Amid its defense of NASA science, however, the text of the compromise bill was clear: “The agreement does not support the existing Mars Sample Return program.” Still, Congress did not cut the program entirely, shifting $110 million into a “Mars Future Missions” program meant to continue the development of technologies that MSR had been developing, including systems for landing spacecraft in the thin martian atmosphere. The money could allow NASA to hit the reset button on the program sometime in the future, says Jack Kiraly, director of government relations at the Planetary Society, an advocacy organization.

MSR had long pitted planetary scientists against each other, as fears grew that its ballooning cost—which rose to $11 billion in 2024—would consume far too much of NASA’s science budget. That led to repeated threats of cancellation from Congress, only for the program to survive in a more limited form while NASA reworked its plans. The agency’s final proposal for the mission, released in January 2025, would have brought its cost back down to $7 billion, closer to earlier estimates. But even that price tag was too high, with other NASA science missions struggling with cost overruns.

The failing U.S. commitment to returning the Perseverance samples has ramifications beyond the United States. MSR was meant to be a joint project with the European Space Agency (ESA), which would provide a spacecraft to catch a container holding the rock samples after it was rocketed off the martian surface. This “Earth Return Orbiter” would then carry the rocks back to our planet. ESA has already done much work on the spacecraft, and it indicated late last year that the project could now be reworked into a standalone mission to study martian geology from orbit. That could potentially add to MSR’s price tag if the mission was eventually revived, should the ESA craft no longer be available.

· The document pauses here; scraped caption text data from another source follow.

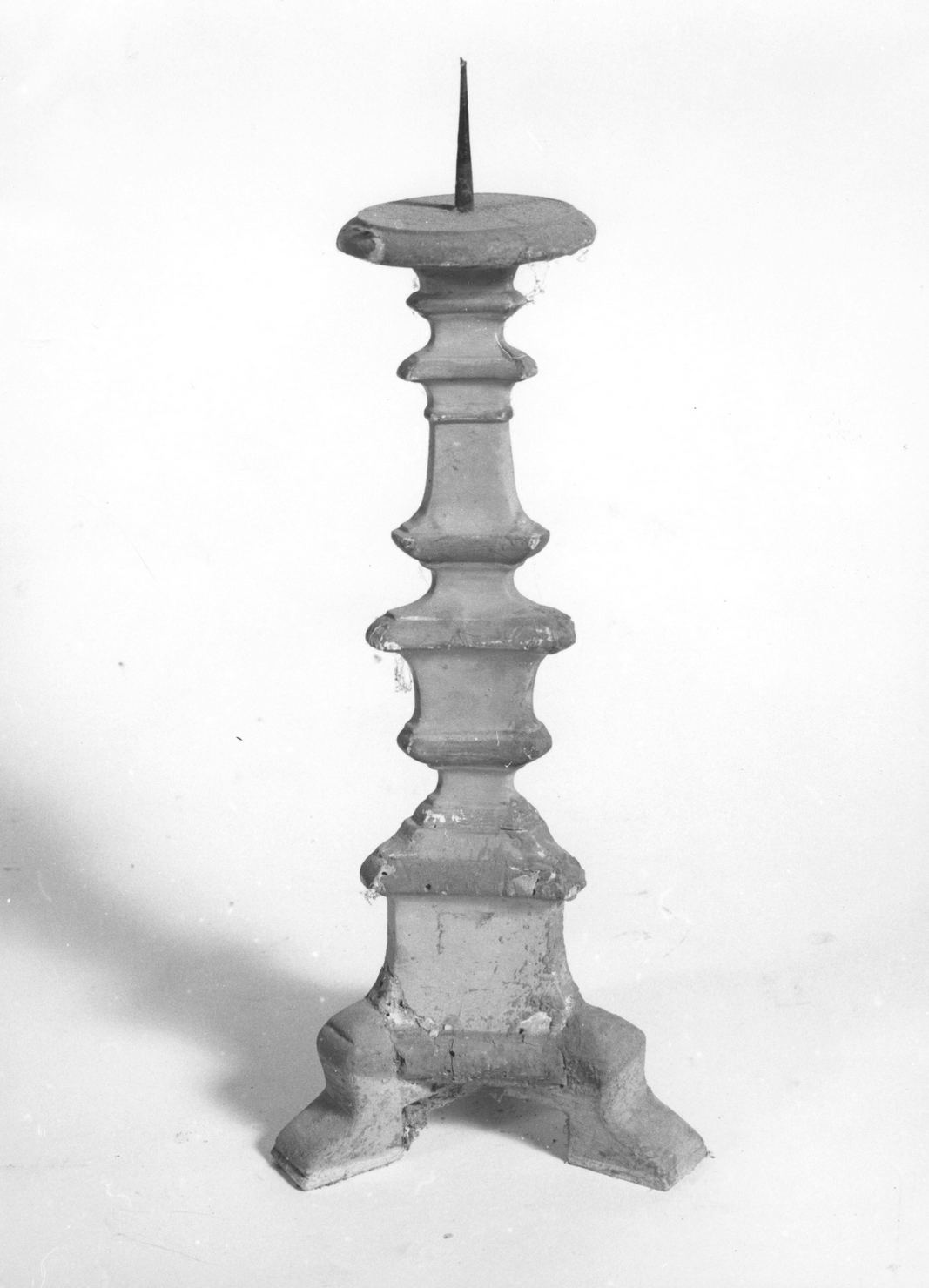 candeliere, serie - bottega toscana (sec. XVIII)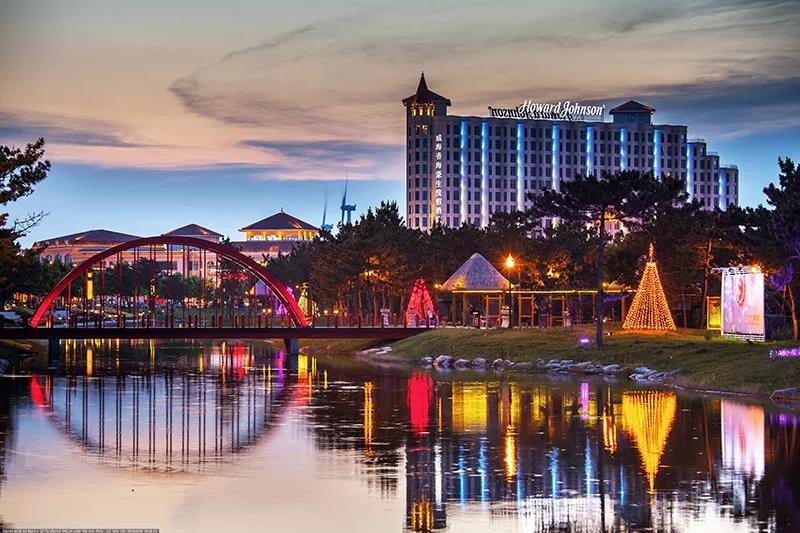 那香海景區的(de)亱(ye)晚--流光溢綵 美輪美奐(huan)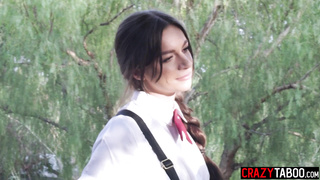 Sexy April Olsen fucks her classmate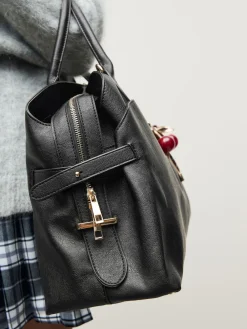 Next Large Tote Bag with Charms Black Online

The faltering plans for MSR come as the scientific value of the rocks collected by Perseverance has grown. In 2024, the rover discovered what many researchers believe could be the best potential evidence for past life on the planet. Drilled out of a dry riverbed spilling into Jezero Crater, the ancient lake the rover has explored since its arrival in 2021, the Cheyava Falls sample contains mineral deposits called “leopard spots” that resemble traces typically left by microbes on Earth. But whether life created the features is impossible to say without getting the sample into labs on Earth. “A rock with a potential biosignature is awaiting return now, and other rocks hold breakthrough discoveries,” says Bethany Ehlmann, a planetary scientist at the University of Colorado Boulder.

Abandoning the effort would signal a loss of U.S. leadership, especially at a time when China is building its own sample-return program to Mars, says Philip Christensen, a planetary scientist at Arizona State University. “The science return from MSR [would] be exceptional and would provide the scientific and engineering foundation for sending humans to Mars.”

There are also pressing, practical questions about what NASA will do with the remaining time available to Perseverance, which is nearing 5 years of exploration and has nearly finished stocking its sample tubes, Hamilton says. “We’d really like to hear from NASA sooner than later that they will work with the community on a plan to get these samples.”